* **Try it**:
Please copy the lines below, exactly as they are, from the one with "Midea 6,000 BTU" through the one with "Imagem de Hélice", and leave out the pictures.

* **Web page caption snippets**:
-- Opening Marker --

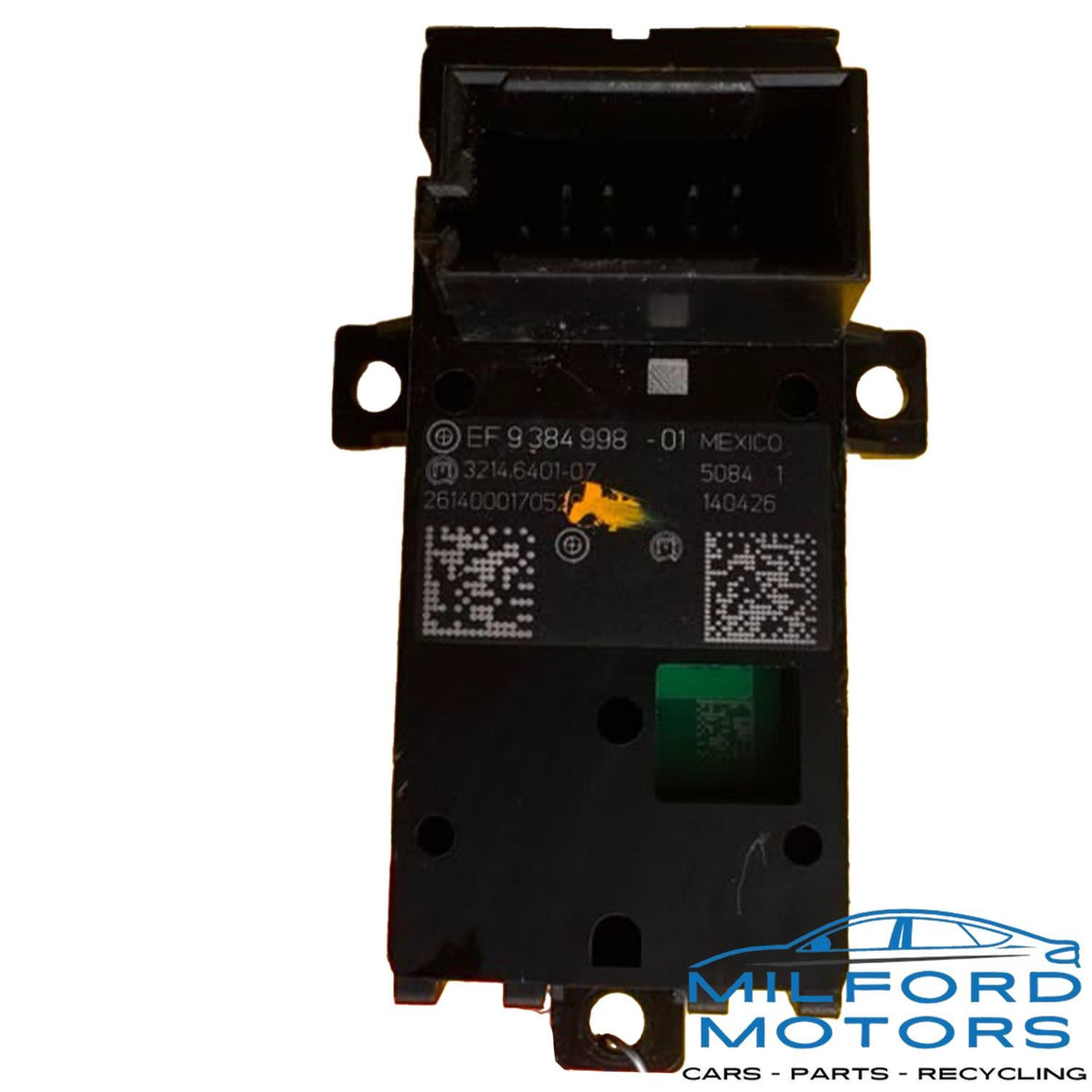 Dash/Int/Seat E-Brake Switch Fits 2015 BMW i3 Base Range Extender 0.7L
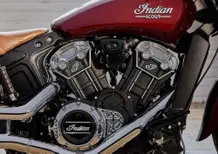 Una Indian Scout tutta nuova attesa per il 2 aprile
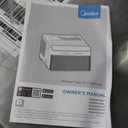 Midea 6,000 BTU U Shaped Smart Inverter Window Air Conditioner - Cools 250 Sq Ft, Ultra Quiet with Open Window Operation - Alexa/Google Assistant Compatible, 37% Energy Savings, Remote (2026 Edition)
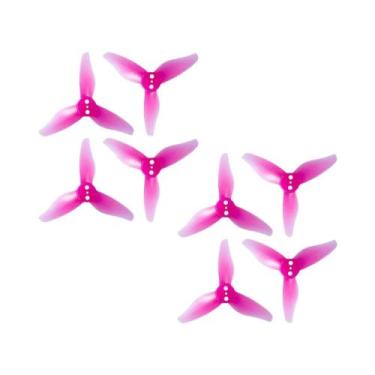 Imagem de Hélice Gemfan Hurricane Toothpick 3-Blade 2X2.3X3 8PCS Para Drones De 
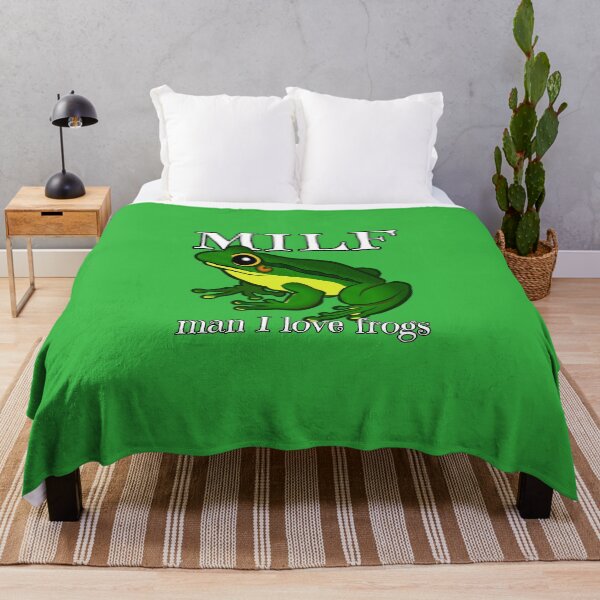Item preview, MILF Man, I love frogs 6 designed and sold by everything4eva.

-- Closing Marker --

* **Completed task**:
 Midea 6,000 BTU U Shaped Smart Inverter Window Air Conditioner - Cools 250 Sq Ft, Ultra Quiet with Open Window Operation - Alexa/Google Assistant Compatible, 37% Energy Savings, Remote (2026 Edition)
 Imagem de Hélice Gemfan Hurricane Toothpick 3-Blade 2X2.3X3 8PCS Para Drones De 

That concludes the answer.